Energy, danger, tenderness and beauty are the topoi emanating from the exhibition Fomuška by Micol Assaël (born in 1979, Rome). For the first time in her young but very intense oeuvre, Assaël is bringing together at the Kunsthalle Fridericianum several hundred delicate, minimalist drawings from her early work phase with a machine developed especially for the show. A main wing of the Fridericianum, as wel as the visitors, are being electrically charged; the machine noisily sprays clouds of steam in which pronged lightning bolts are discharged.
Scientific and physical phenomena, magnetism, electrical engineering and energetic tensions, as well as their interaction with the human body, are central in Micol Assaël’s artistic work. Incorporation of the body, above all the body of the recipient, is an important component of her expansive installations. While in the last 40 years performance artists have often made their own bodies the subject of their studies, Micol Assaël expands the performative element to all participants, creates extended communication and additionally gives her work a processual character. After leaving the installation, the physical and mental experience remains in the visitor’s memory.

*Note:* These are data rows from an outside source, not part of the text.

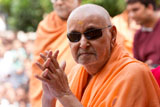  Swamishri bids Jai Swaminarayan to devotees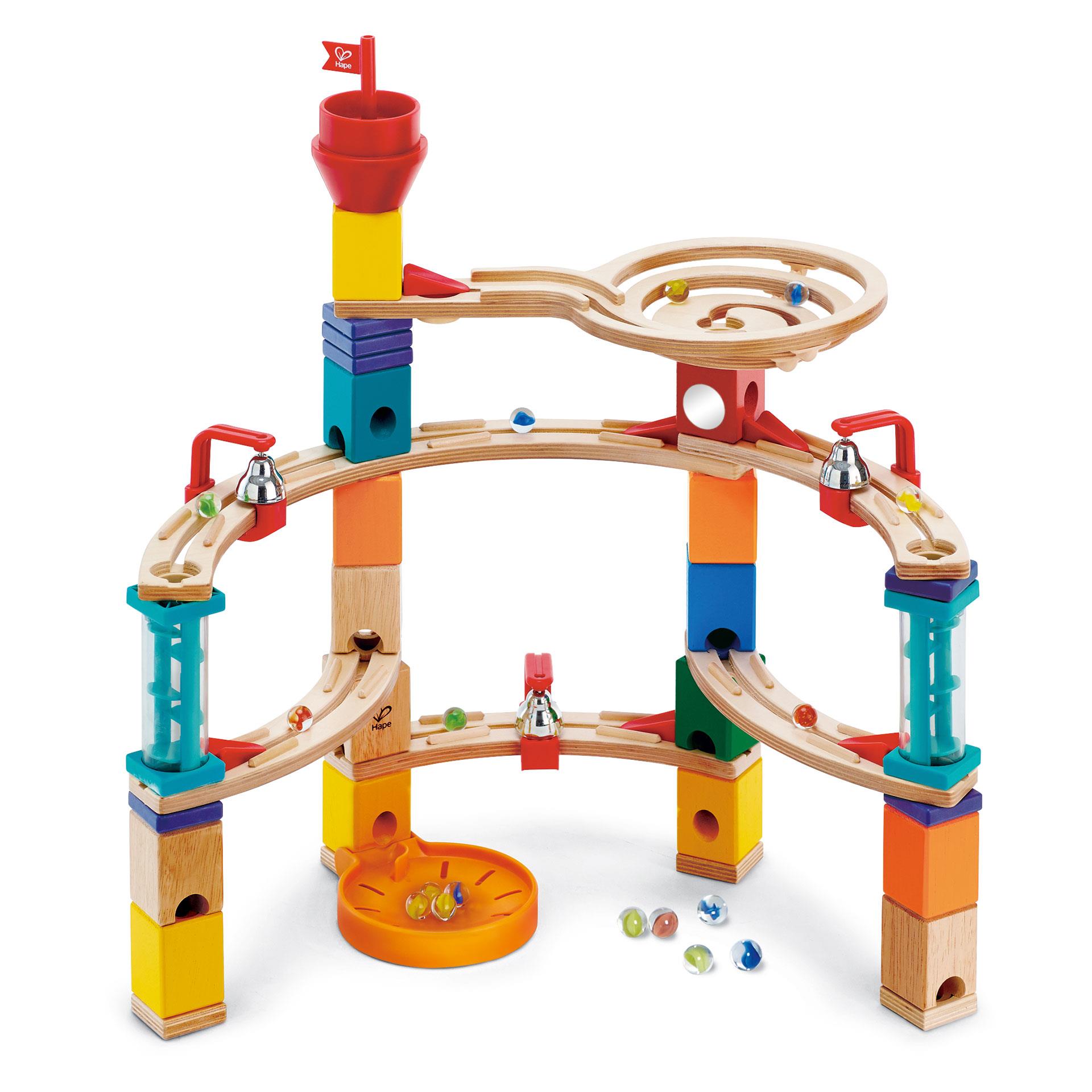 Quadrilla Castle Escape, mehrstöckige Holz-Kugelbahn mit Drehturm, Spiraltrichter, zwei transparenten Treppenhäusern und drei hängenden Glocken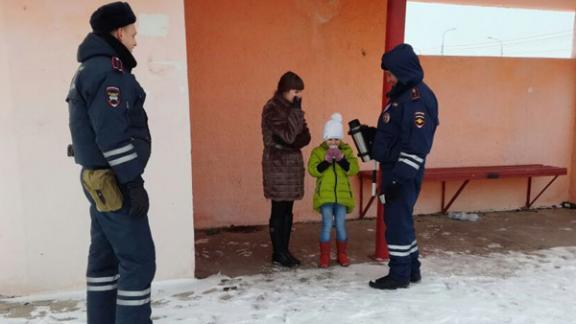 Ставропольские автоинспекторы спасли от холода мать с ребенком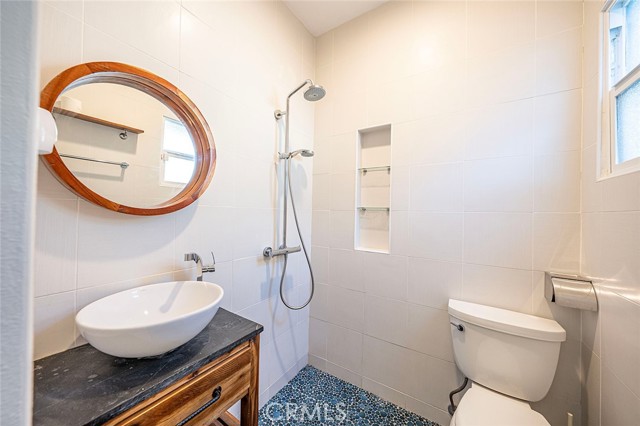 Detail Gallery Image 5 of 28 For 1339 W Temple St, Echo Park,  CA 90026 - 2 Beds | 2 Baths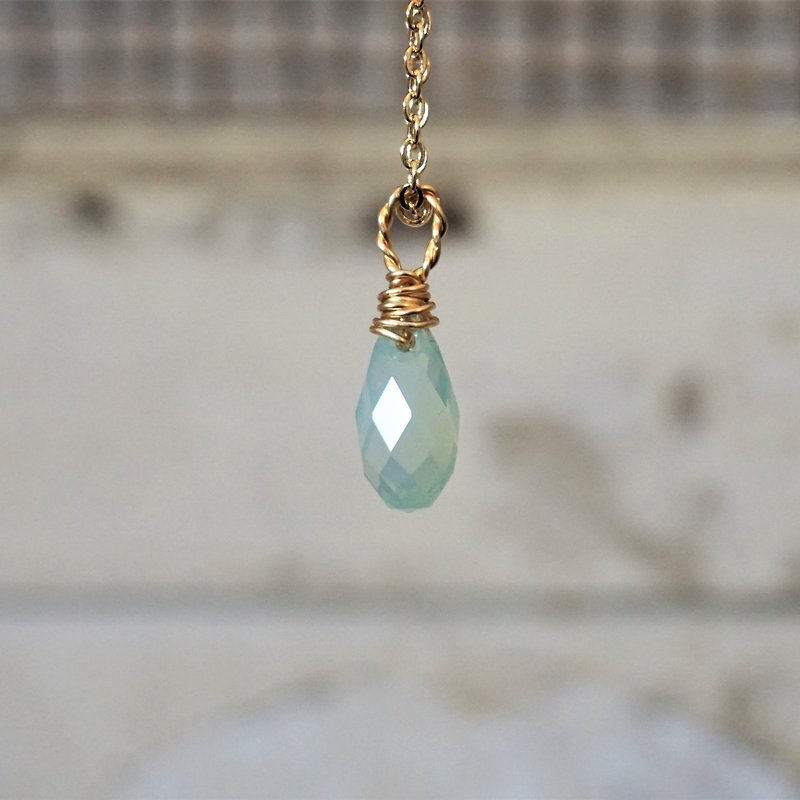 ll Limited Offer ll Swarovski Green Opal Drop Faceted Crystal Necklace - สร้อยคอ - คริสตัล หลากหลายสี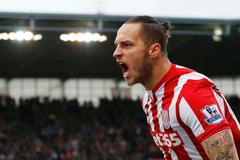 Marko Arnautovic se raduje z gólu Stoke City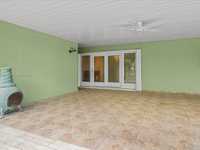 House 2942508883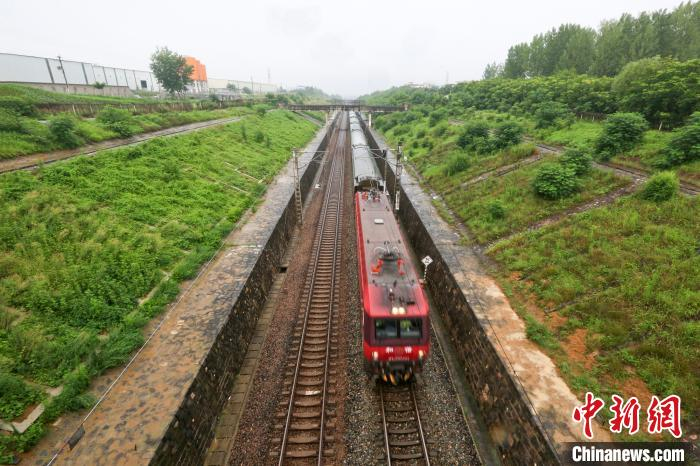 确保列车运行安全 张中海 摄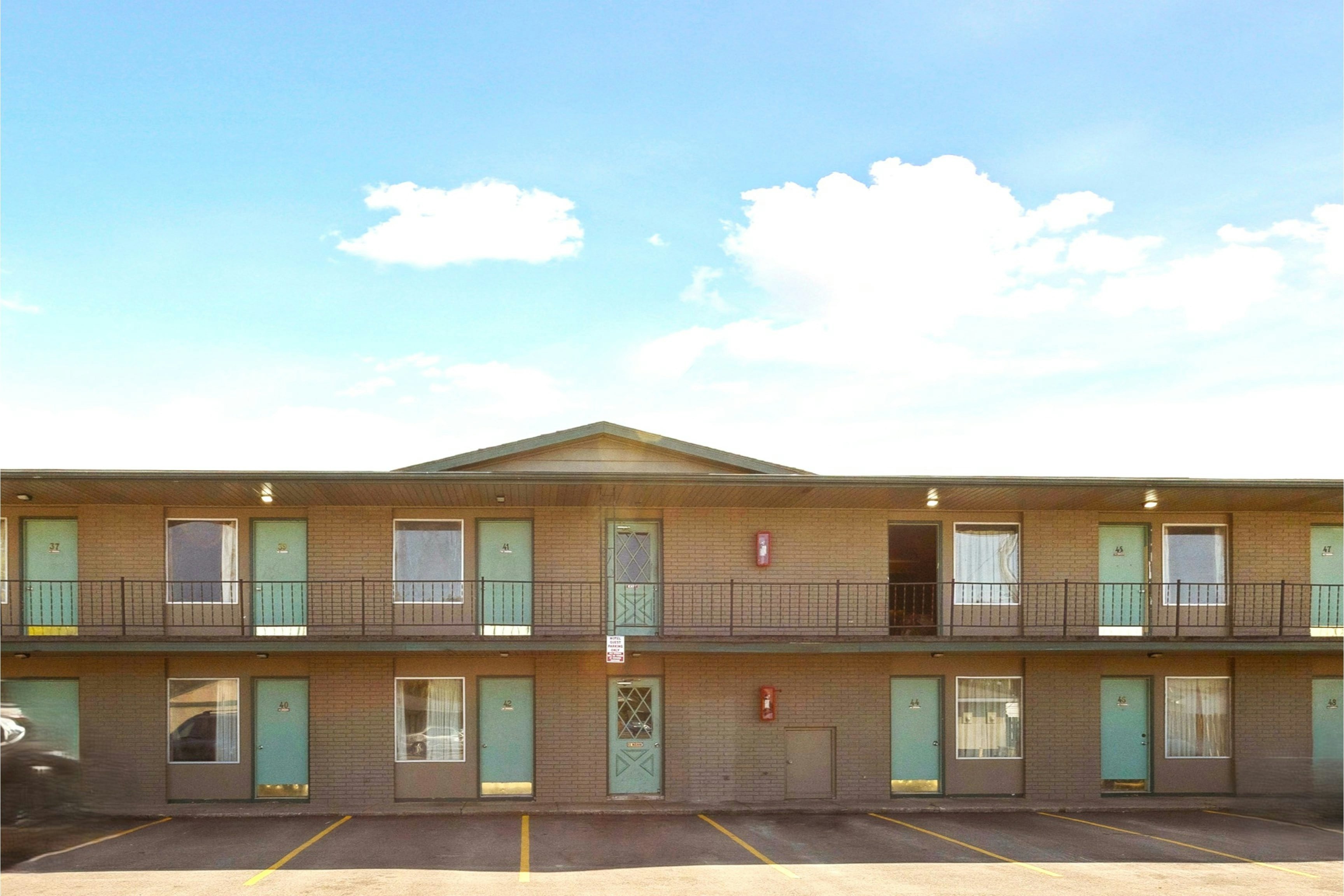 Currys Motel by OYO Saginaw MI 2/39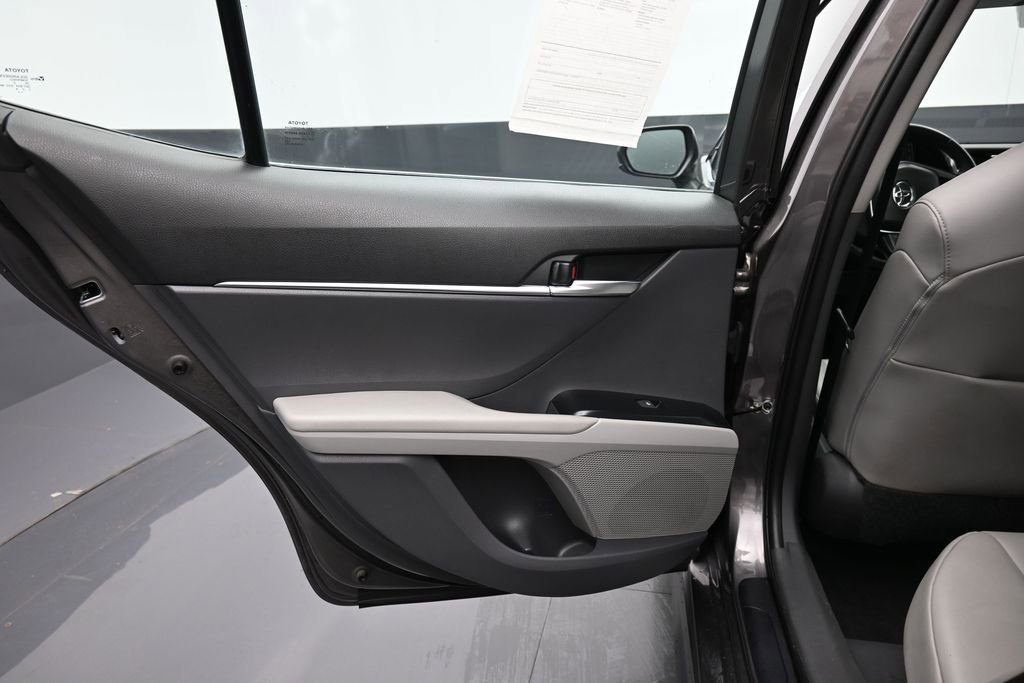 Used 2020 Toyota Camry SE FWD image 34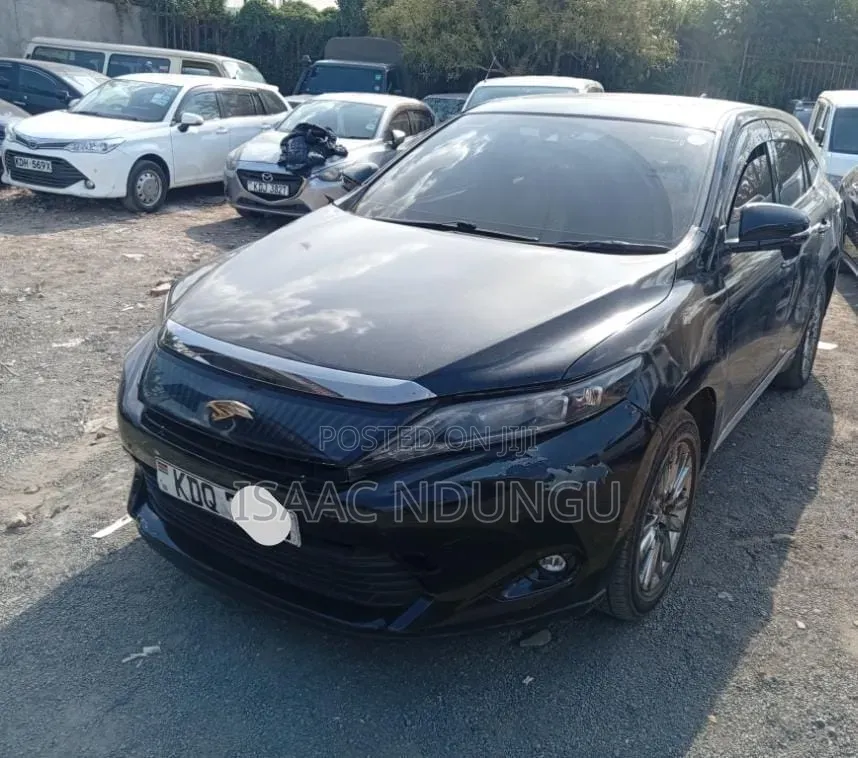 Toyota Harrier 2.0 2017 Black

The installation Mindfall (2004), which Micol Assaël developed for the Manifesta 5 in San Sebastian and showed in an altered form in 2008 at Johann König in Berlin, already points to her extraordinary passion and fascination for natural and technological phenomena: The artist placed shrilly clattering motors in an antiquated, closed-down industrial building. The room was filled with noise and the smell of diesel, making it difficult for visitors to stay there. At the 4th Berlin Biennial, she forced visitors to fight against cold wind currents and had water drip from the ceiling. For her solo presentation Chizhevsky Lessons (2007) at the Kunsthalle Basel, Micol Assaël developed in cooperation with the Moscow Physics Research Institute a work that transformed the exhibition space into an electromagnetic field and gave visitors a noticeable electric charge. The visitors’ palpable perceptions ranged from a tingling feeling in the body and head, to hair standing on end, to warmer hands and fingers. They could create a discharge by touching another person.
For Fomuška, Micol Assaël again worked with the Moscow scientists, developing a machine which actually touches and agitates visitors, giving them an electrostatic charge. Inside clouds of steam streaming loudly from the machine lightning bolts flash, appealing to the senses. The artist juxtaposes this experience with giant glass display cases containing more than 300 very tender and extremely minimalist drawings in which she tries to express her feelings. After returning from a trip to Iceland, she made one of these small-scale drawings a day for over a year. Thus, Micol Assaël not only touches the body of the visitor, but also conveys her own existence via her drawings, both mentally and physically.
Fomuška is realised in collaboration with Secession, Vienna and Museion, Bolzano.